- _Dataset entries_
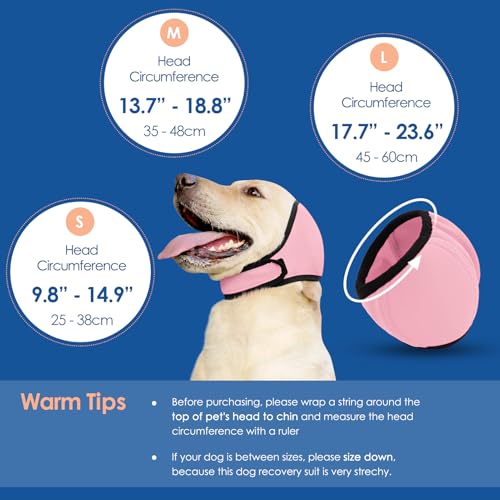 Image of Dog Calming Hoodie Dog Ear Wrap Noise Protection Ear Muffs for Dogs | Water Resistant Ear Cover Anxiety Relief, for Firework, Grooming, Thunderstorms, Swimming, Bathing, LightPink S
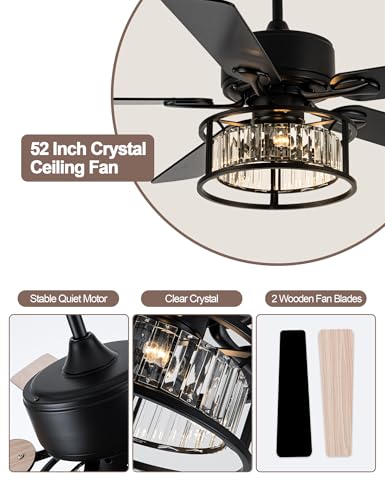 Image of 52'' Black Chandelier Fan Crystal Farmhouse Ceiling Fan with Light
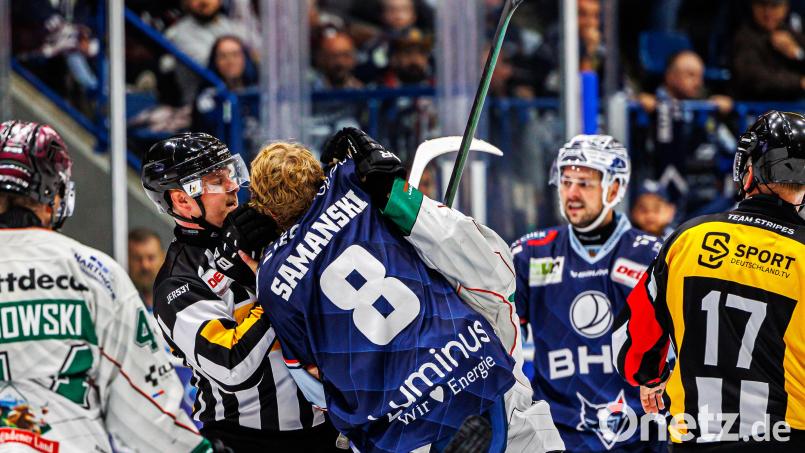 Szenen aus dem Heimspiel der Blue Devils Weiden (blaue Trikots) in der DEL2 gegen die Starbulls Rosenheim am 20. September 2024. Die Gäste gewann mit 5:3. Bild: Werner Moller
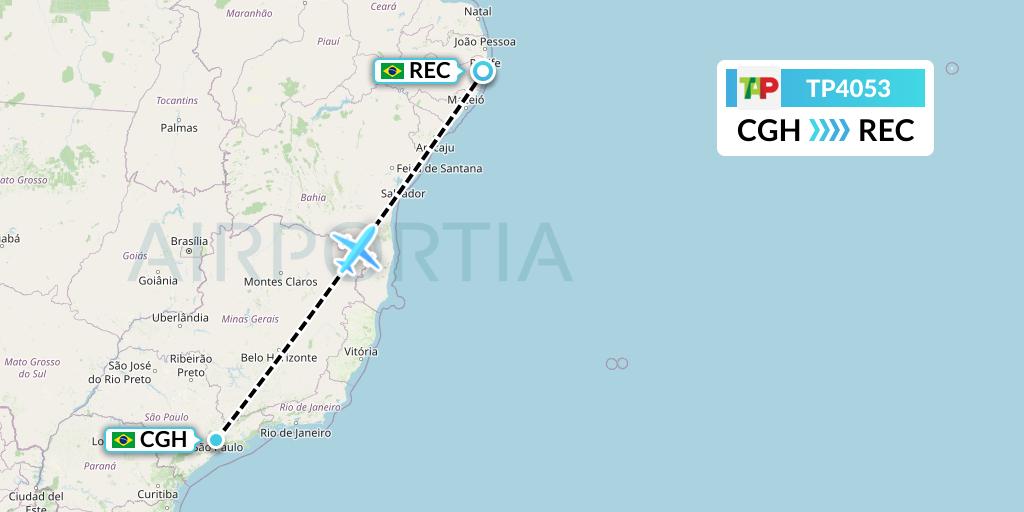 TP4053 TAP Portugal Flight Map: Sao Paulo to Recife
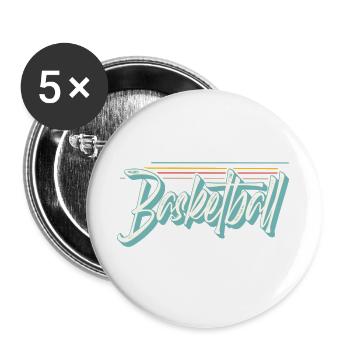 Basketball - Buttons large 2.2''/56 mm (5-pack) - white - Front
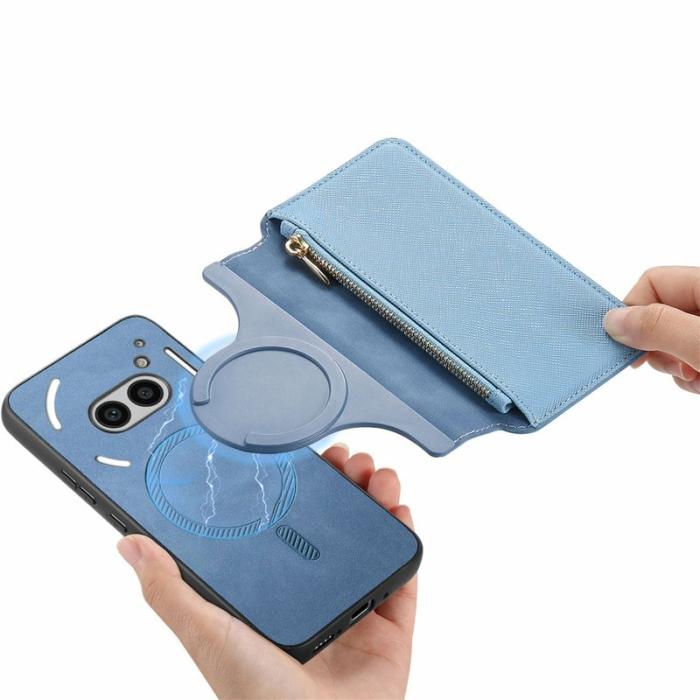 CASENEO - CASENEO Nothing Phone (2a) Fodral Äkta läder - Blå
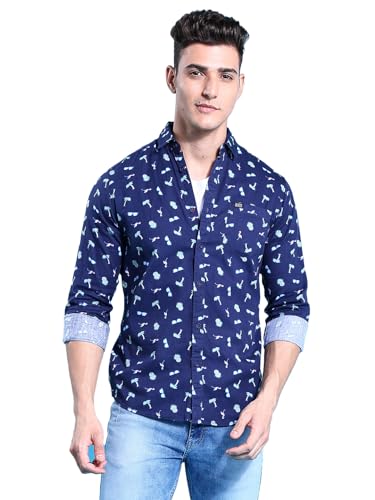 Image of The Indian Garage Co Men Slim Fit Abstract Printed Full Sleeves Spread Collar Casual Shirt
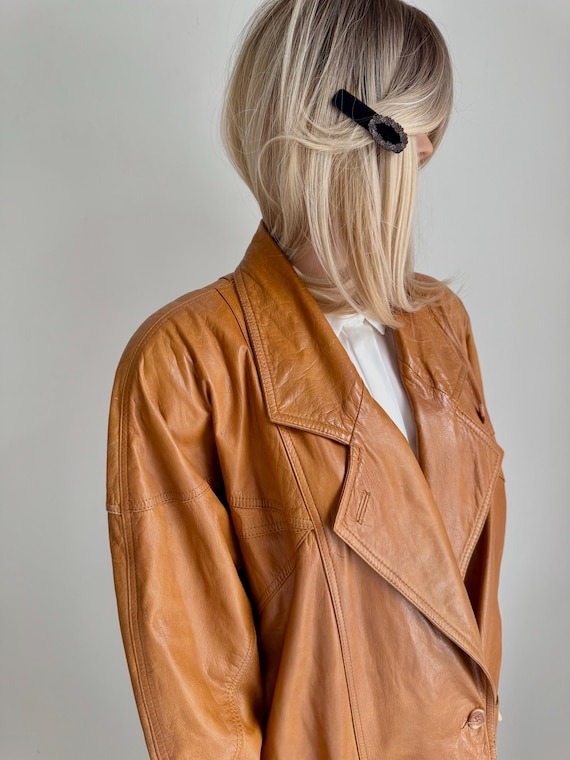 Vintage Lambertazzi Cognac Leather Coat Jacket Oversize Size 40 Soft Lightweight Genuine Leather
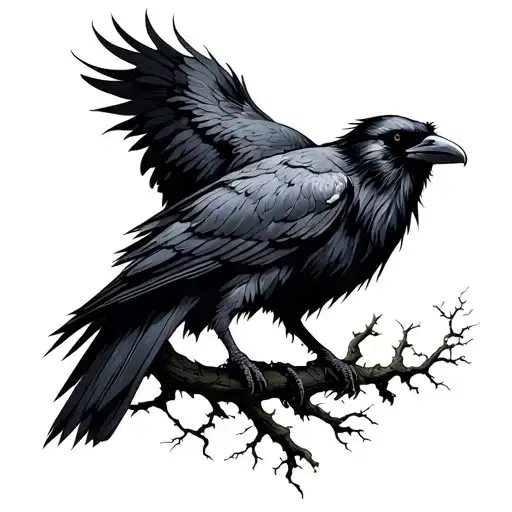 Odin Ravens With Tree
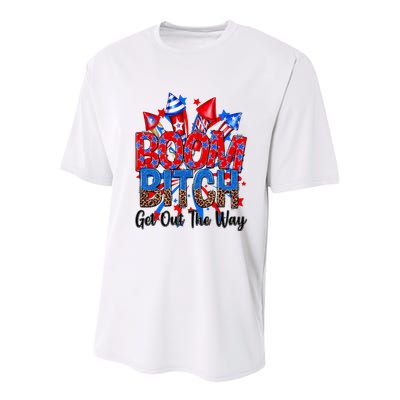 Funny Boom Bitch Get Out The Way Youth Performance Sprint T-Shirt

- _What is being asked_
Repeat the lines above, starting at the first and stopping after the line that holds "Image of 52''", with the pictures left out.

- _Exercise answer_
 Image of Dog Calming Hoodie Dog Ear Wrap Noise Protection Ear Muffs for Dogs | Water Resistant Ear Cover Anxiety Relief, for Firework, Grooming, Thunderstorms, Swimming, Bathing, LightPink S
 Image of 52'' Black Chandelier Fan Crystal Farmhouse Ceiling Fan with Light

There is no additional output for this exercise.